Billions of people are set to tune into Monday's NFL Super Bowl at NRG Stadium in Houston, watching in awe as some of the most skilled athletes in the world do battle in the annual extravaganza.
But for some, it will not be a celebration, rather a stark reminder of what could have been.
Only one per cent of college footballers get drafted into the NFL and for many who miss out this is the end of their sporting dreams.
That equates to thousands of skilled footballers left to find a new career path, and according to Boston Thirteens head coach Robin Peers, this is something NRL clubs should take advantage of.
Peers knows his rugby league, playing a club record 218 games for English professional side Gateshead Thunder before moving to the USA to take up coaching.

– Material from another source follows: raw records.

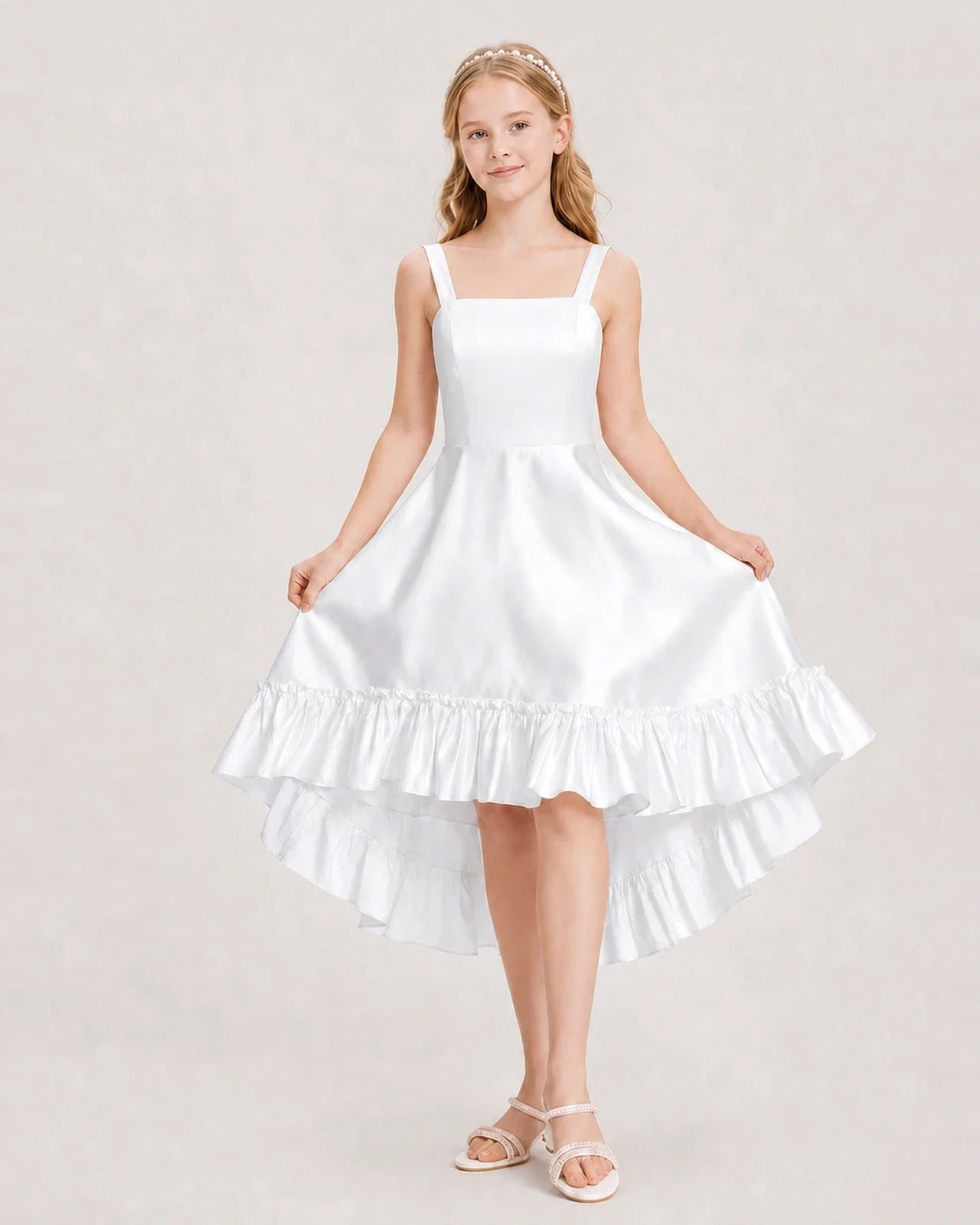 Dideyttawl Satin High-Low Junior Bridesmaid Dress with Bow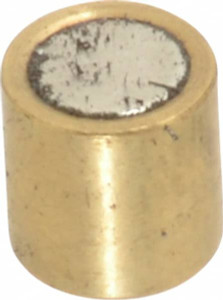 Mag-Mate 1/4" Diam x 1/4" High, 0.63 Lb Average Pull Force, 1-1/4 Lb Max Pull Force, Neodymium Rare Earth Shielded Magnet Brass Shield, 0.032" Shielding Wall Thickness RBS2525 - 05762158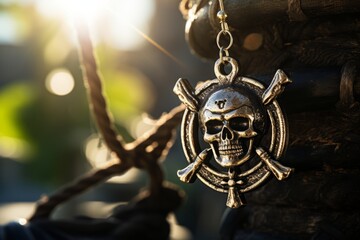 A close up of a pirate's earring glinting in the sunlight, a unique and characteristic accessory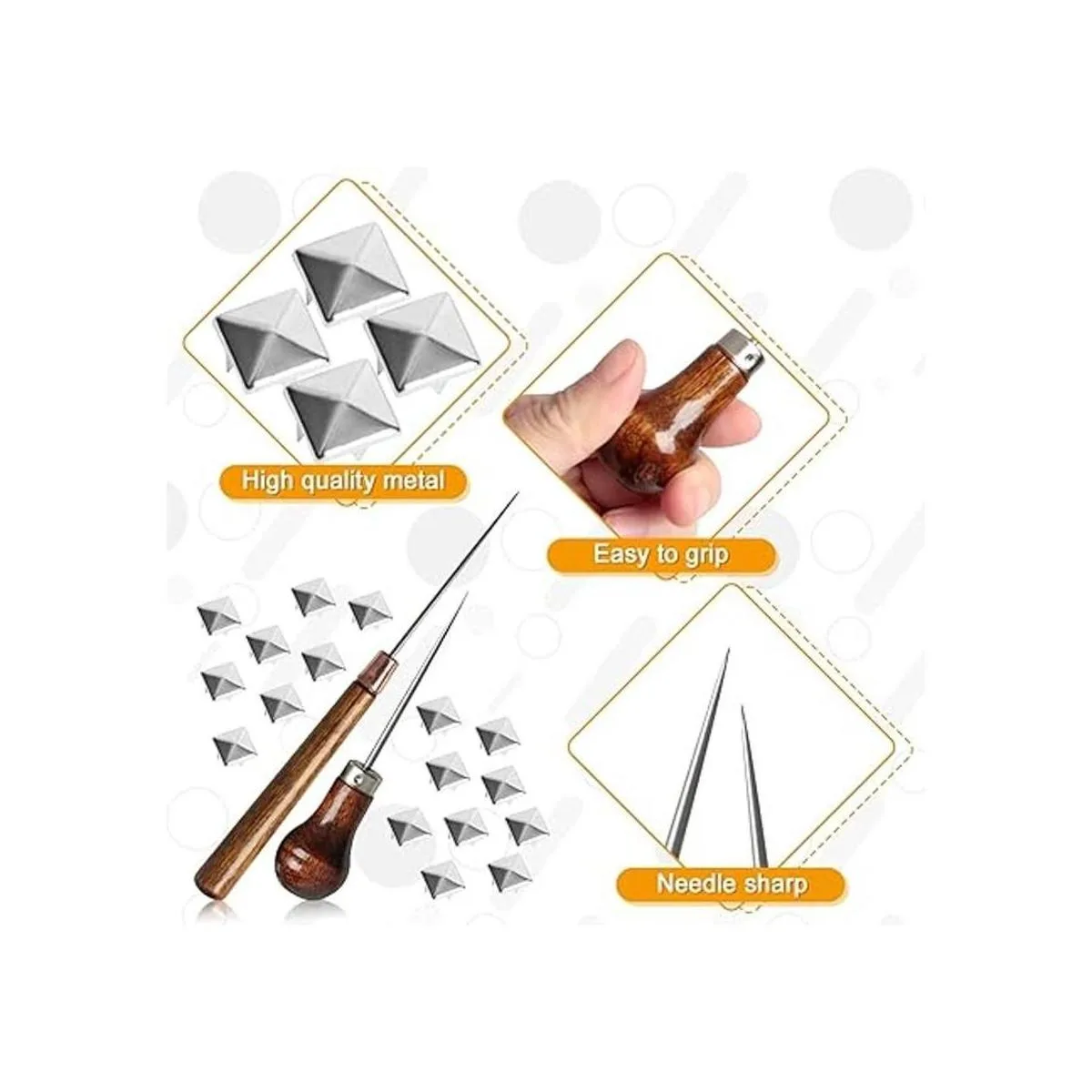 SBYURE 500 piezas de remaches cuadrados de 4 mandíbulas de_3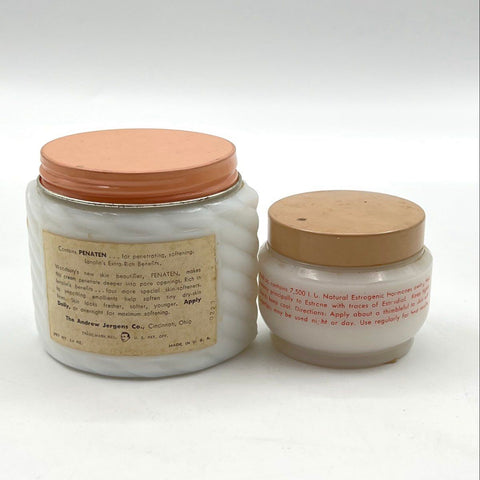Vintage Woodbury & Kathryn Hormone Cream Milk Glass Jars Vanity Display Lot 2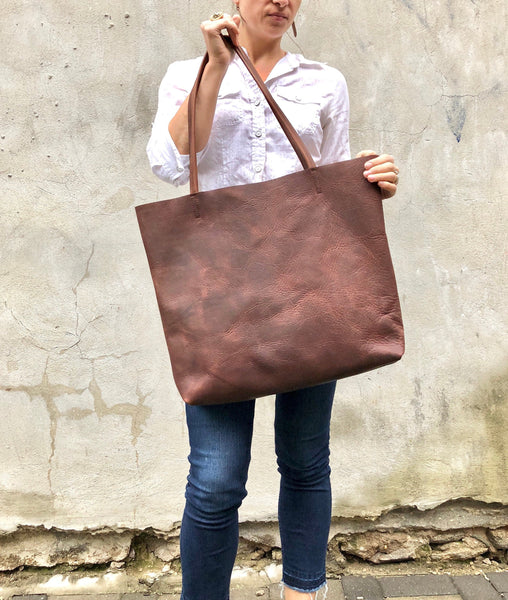 Large Brown Leather Tote Bag, Oversized Leather Shopper bag with zipper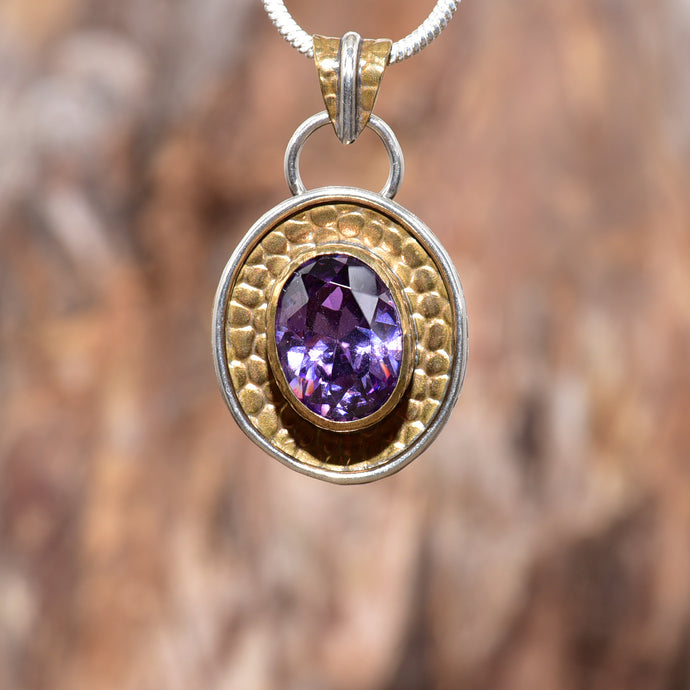 Sparkly amethyst CZ pendant necklace in an original handmade setting of brass and sterling silver. (N126)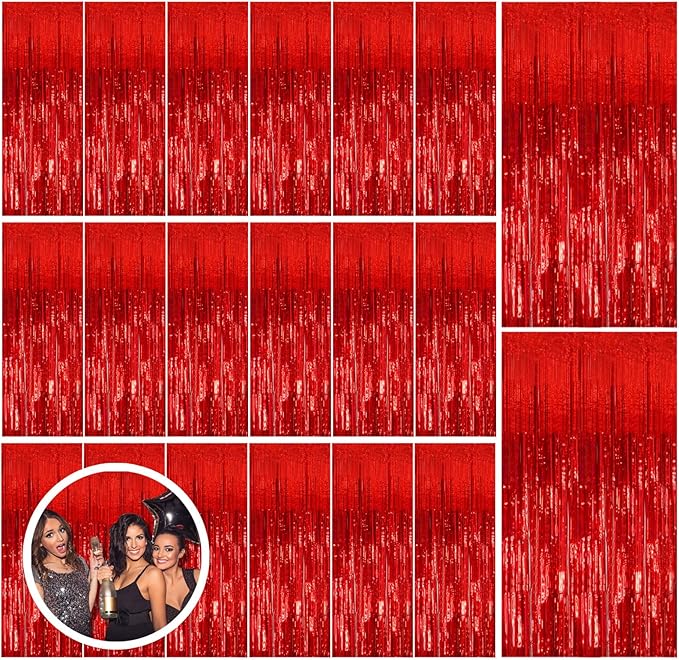 20 Pack Red Streamers Party Backdrop Christmas Decorations Foil Fringe Backdrop Curtains Carnival Casino Theme Birthday New Year Holiday Celebration Bachelorette Party Decorations Supplies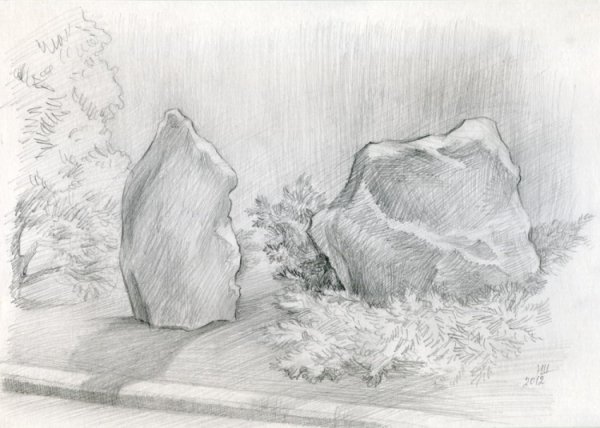 Камни карандашом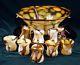 Beautiful LARGE amber/white Hand Blown punch Bowl Set from Neiman Marcus
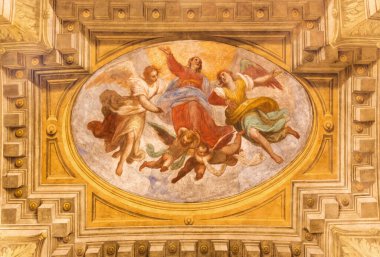 BRESCIA, İtalya - 23 Mayıs 2016: Chiesa di San Faustino e Giovita Kilisesi 'nde Bakire Meryem' in Zemini freski (1580 - 1630)).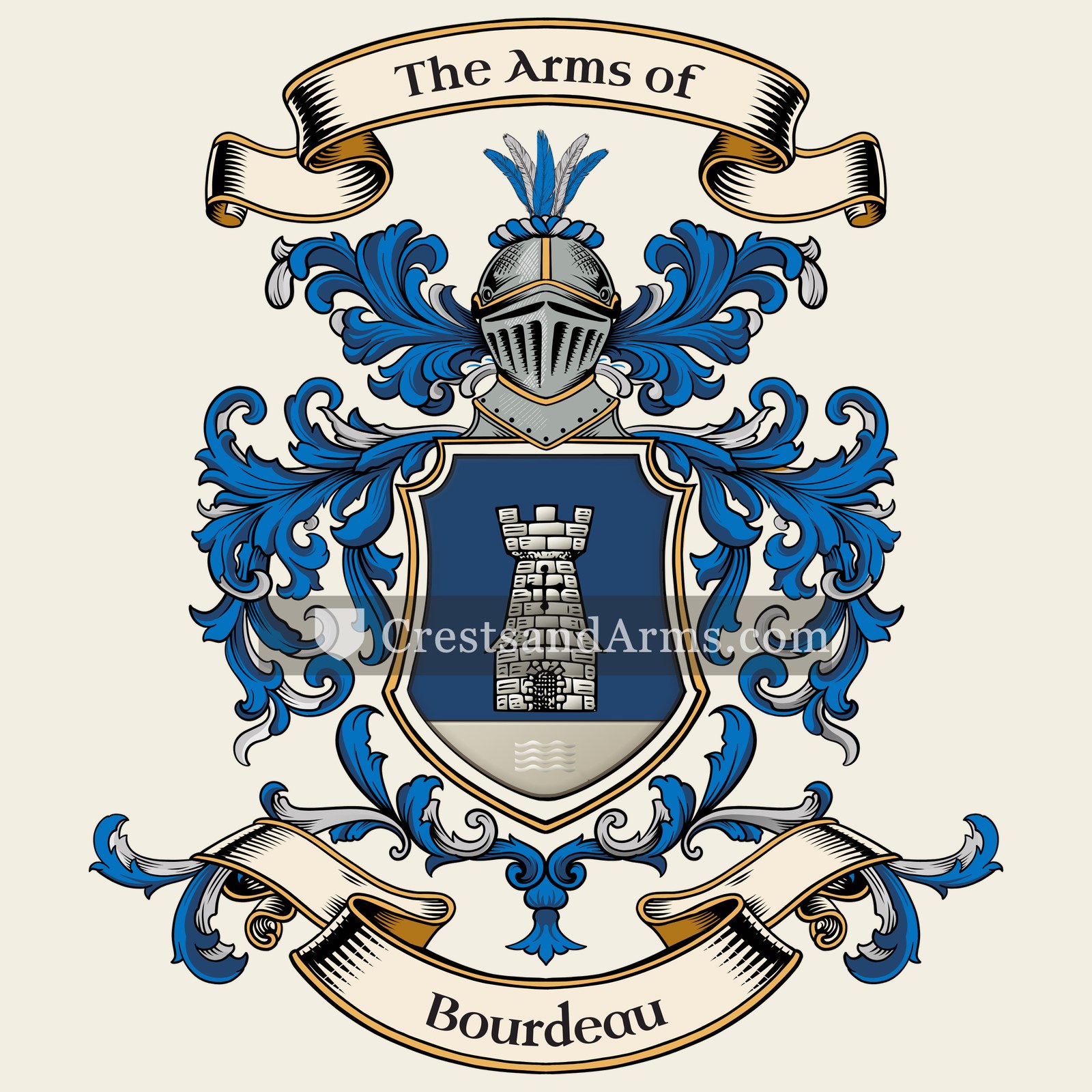 The Bourdeau coat of arms, drawn from the recorded blazon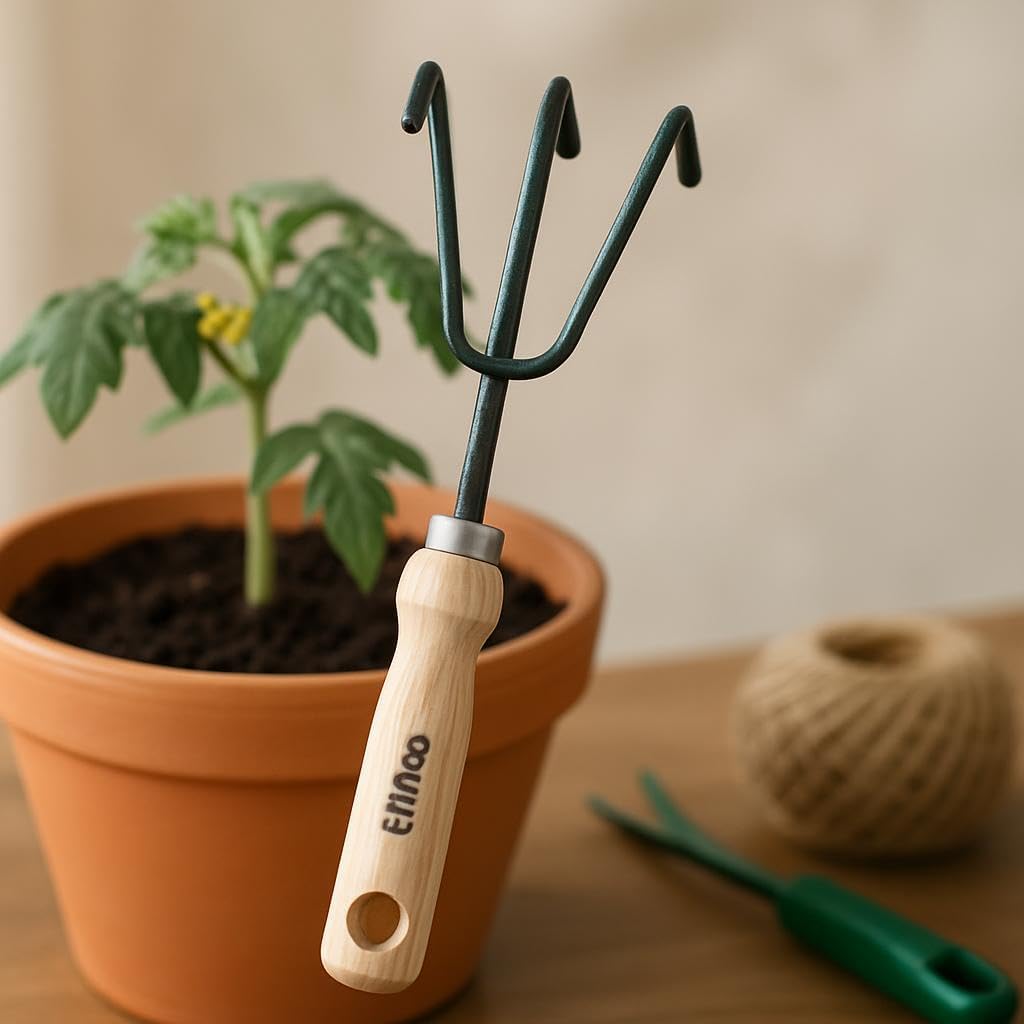 96 Pieces Hand Cultivators with Wooden Handle and Metal Prongs for Gardening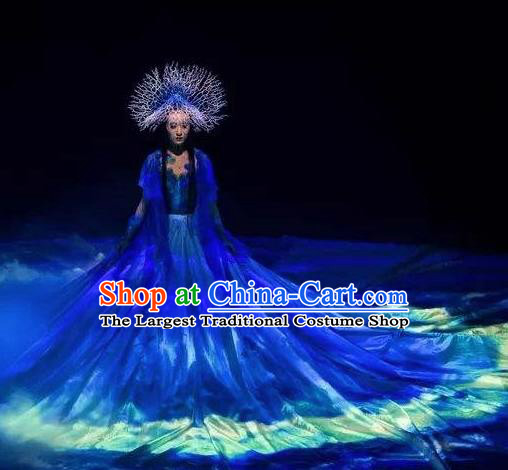 Chinese Pingtan Impression Classical Dance Blue Dress Stage Performance Dance Costume and Headpiece for Women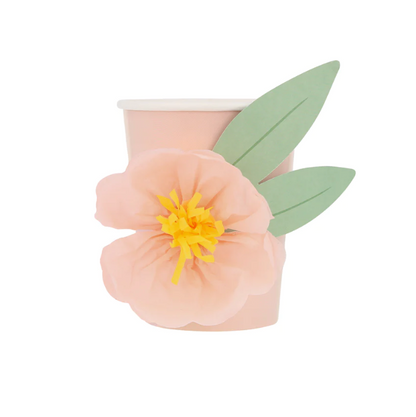 Copos com flores, com a capacidade de 256ml.
Adequados para bebidas quentes e frias.
Cada embalagem contém 8 unidades.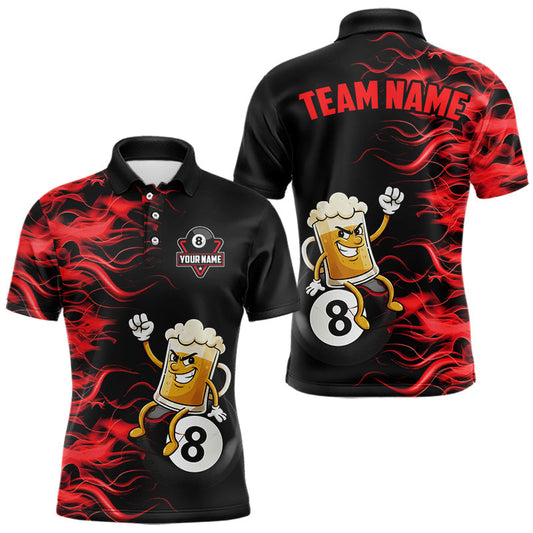 Maxcorners Red Flaming Funny Beer 8 Ball Billiard Shirt For Men Custom Pool Team Jersey Polo & 1/4 Zip
 LM1202
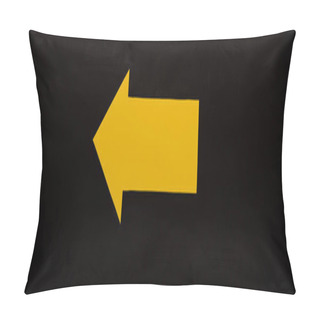 Personality  Panoramic Shot Of Yellow Directional Arrow Isolated On Black  Pillow Covers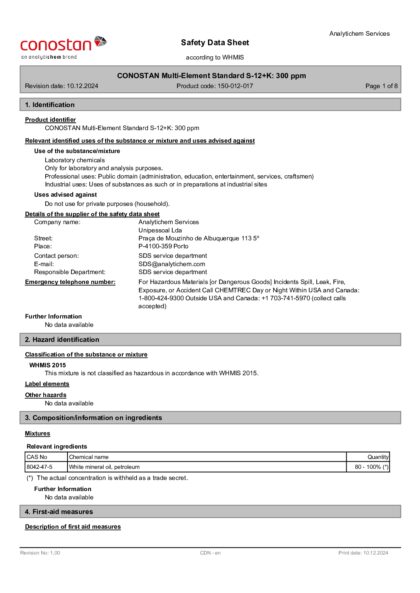 Primeira página: Ficha de segurança
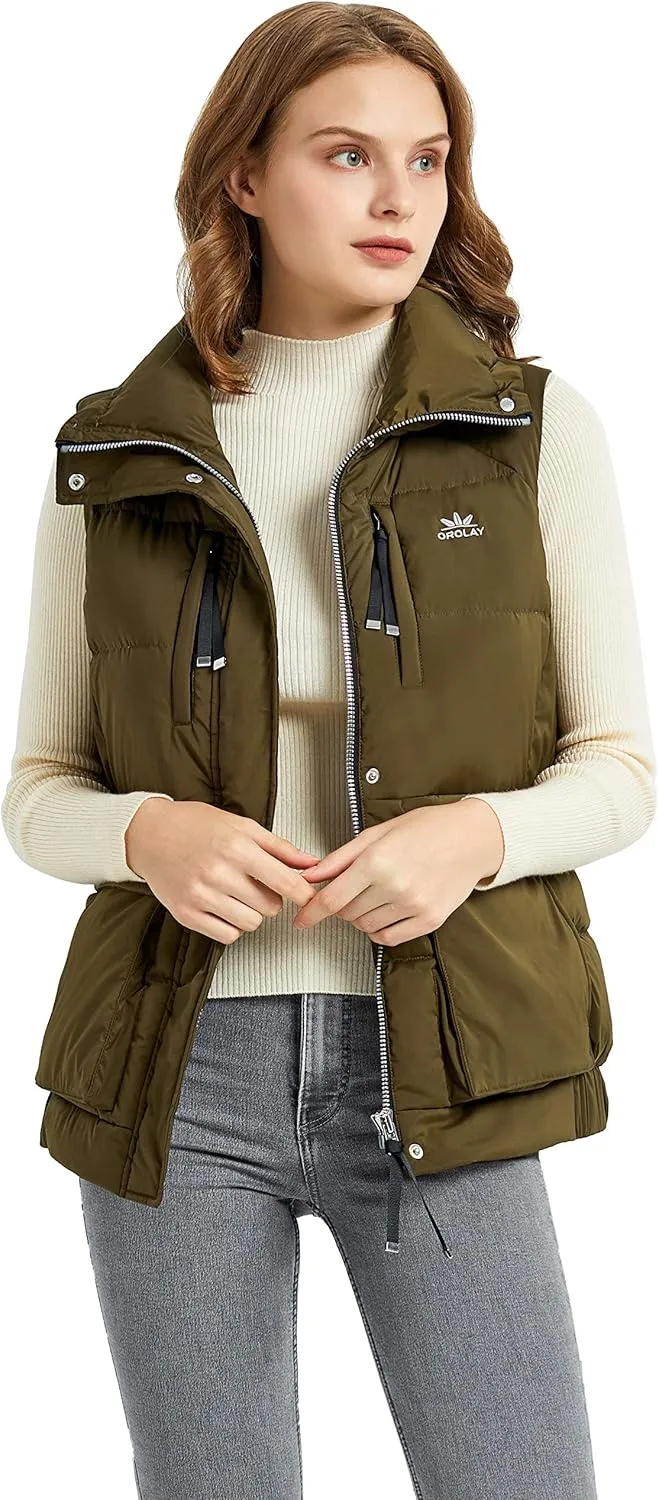 Orolay Women's Light Down Vest Packable Stand Collar Jacket Winter Puffer Gilet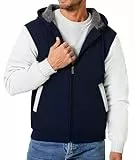 geeksport Hoodie Herren mit Reißverschluss kaputzensweatjacke Winterjacke Casual Gefütterte Hoodie Männer Marineblau und Hellgrau XL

He now works with former NRL star Dustin Cooper, brother of North Queensland Cowboys enforcer Gavin, with the two coaching Boston in the USARL competition.
Peers has seen and coached his fair share of college athletes since moving to the USA and he is of the belief that many would be able to make it in the NRL.
"Less than 300 people get drafted to the NFL every year. That is a lot of talent that misses out," Peers told NRL.com.
"You'd probably have over 100 college football programs and the majority of the players from these programs miss out on making it to the big time.
"If NRL clubs can somehow tap into these athletes then they will reap the benefits.
"It will obviously take time for these athletes to adjust to a new game, but I've found that the majority are very coachable.
"They've been coached since they were five or six years old so they are willing to learn and adapt to the different skill sets that rugby league has compared to gridiron."
This willingness to learn is something that overseas rugby league sides are already utilising, with newly established League 1 side Toronto Wolfpack doing their best to track down the best of the best.
Wolfpack leading the way
Home to Parramatta Eels 201-game veteran FuiFui Moimoi, Toronto have been determined to form the best squad possible for their campaign.
"The Wolfpack is a newly formed Canadian professional rugby league club and they've already shown initiative beyond their years," Peers said.
"The club is the first of its kind in Canada and they will now play in the League 1 competition based in England. They will be very competitive as well.
"When the club first came about they were smart and knew about the large amount of talent that misses out on the NFL.
"The coaching staff travelled across Canada and North American to find this talent and it worked for them, with a couple of former college football players making it through to the trial squad.
"A number of NRL clubs could definitely learn from this. It's a country worth exploring and I'm sure if they came over here in the off-season they'd find some very gifted footballers."
Interestingly, a venture like this would not be a first, with the Newtown Jets shocking the sporting world four decades ago by signing Manfred Moore from the NFL.
To this day Moore remains the only man in history to score an NFL touchdown and an NRL try.
The former Newtown Winger played NFL for the San Francisco 49ers, Tampa Bay Buccaneers, Oakland Raiders and Minnesota Vikings.
Fresh off a Super Bowl appearance for the Raiders, Moore made history when he ditched the helmet and moved to Australia to play for the Jets in the 1977 NSWRL competition.
Although only managing four games in the top division, Moore remains proof that gridiron players do have what it takes to make it in the NRL – they just need the opportunity.